Il dietista più anziano si alzò e lodò De per il suo nuovo atteggiamento costruttivo e aperto alla collaborazione. La riunione si concluse e io andai in cerca di qualcosa di forte da bere.

Mai, pensai. Non mi sarei mai sottoposta a una critica di gruppo. Non ero sicura di quello che avrei fatto se il comitato l’avesse preteso. Non potevo andarmene, né loro potevano licenziarmi. Non a quella distanza dalla Terra. Più probabilmente, se si fosse arrivati a una crisi, mi avrebbero esonerata dal mio incarico e rinviata a un comitato incaricato della manutenzione non meccanica. Avrei riparato pareti o sostituito piastrelle rotte fino al momento di lasciare questo sistema.

Una volta ancora correvo troppo col pensiero. Falla finita! mi dissi, e feci ritorno all’accampamento. Derek era seduto accanto al fuoco, le ginocchia sollevate, le braccia allacciate attorno alle ginocchia.

— Ebbene?

Mi lanciò un’occhiata e sorrise. — L’oracolo si è offerto di parlare con Eddie e di spiegargli che non è sbagliato uccidere per legittima difesa. Sembra pensare che Eddie sia una specie di idiota. E Nia ha detto che c’è un fiume che scorre fra il territorio del Popolo dell’Ambra e il suo terriorio, la terra del Popolo del Ferro. C’è un punto in cui il fiume si allarga in un lago lungo e stretto. Il lago è profondo e non ci sono isole. Potrebbe essere un posto sicuro per atterrare.

— A che distanza da qui?

— Non lo sa con assoluta certezza. Nove o dieci giorni, pensa.

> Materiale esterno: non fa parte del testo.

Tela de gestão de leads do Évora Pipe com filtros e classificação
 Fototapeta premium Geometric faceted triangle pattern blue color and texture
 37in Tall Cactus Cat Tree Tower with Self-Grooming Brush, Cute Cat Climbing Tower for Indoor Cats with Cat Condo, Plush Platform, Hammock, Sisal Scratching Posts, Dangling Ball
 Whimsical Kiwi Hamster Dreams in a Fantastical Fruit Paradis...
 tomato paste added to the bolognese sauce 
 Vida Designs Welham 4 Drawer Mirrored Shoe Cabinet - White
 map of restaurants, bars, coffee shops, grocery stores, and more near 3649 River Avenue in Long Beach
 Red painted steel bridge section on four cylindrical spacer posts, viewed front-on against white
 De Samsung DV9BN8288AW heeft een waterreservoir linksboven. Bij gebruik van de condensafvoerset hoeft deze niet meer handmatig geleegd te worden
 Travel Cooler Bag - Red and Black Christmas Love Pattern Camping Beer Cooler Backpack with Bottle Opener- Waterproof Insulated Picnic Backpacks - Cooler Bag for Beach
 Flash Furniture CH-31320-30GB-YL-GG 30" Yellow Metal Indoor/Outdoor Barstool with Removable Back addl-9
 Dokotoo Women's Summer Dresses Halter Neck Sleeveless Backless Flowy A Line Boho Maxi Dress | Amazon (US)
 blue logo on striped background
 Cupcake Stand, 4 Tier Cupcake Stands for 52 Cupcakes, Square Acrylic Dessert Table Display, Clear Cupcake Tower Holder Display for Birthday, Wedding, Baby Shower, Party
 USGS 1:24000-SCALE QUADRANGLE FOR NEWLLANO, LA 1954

— Andiamo laggiù? — chiesi.

Derek fece il gesto dell’affermazione. — La cosa farà felice Eddie, ed è lungo il percorso per raggiungere il popolo di Nia.

La luce del sole mi svegliò, penetrando obliqua nel boschetto. Un grigio filo di fumo saliva a spirale attraverso il raggio di sole, muovendosi lentamente. L’oracolo era accoccolato accanto al fuoco e stava spellando un pesce.

— Hai rimesso a posto le trappole — dissi.

— Sì, e siamo stati fortunati. Questo è un pesce verde. È delizioso, specialmente cotto al forno. Va’ a eseguire la tua cerimonia mattutina.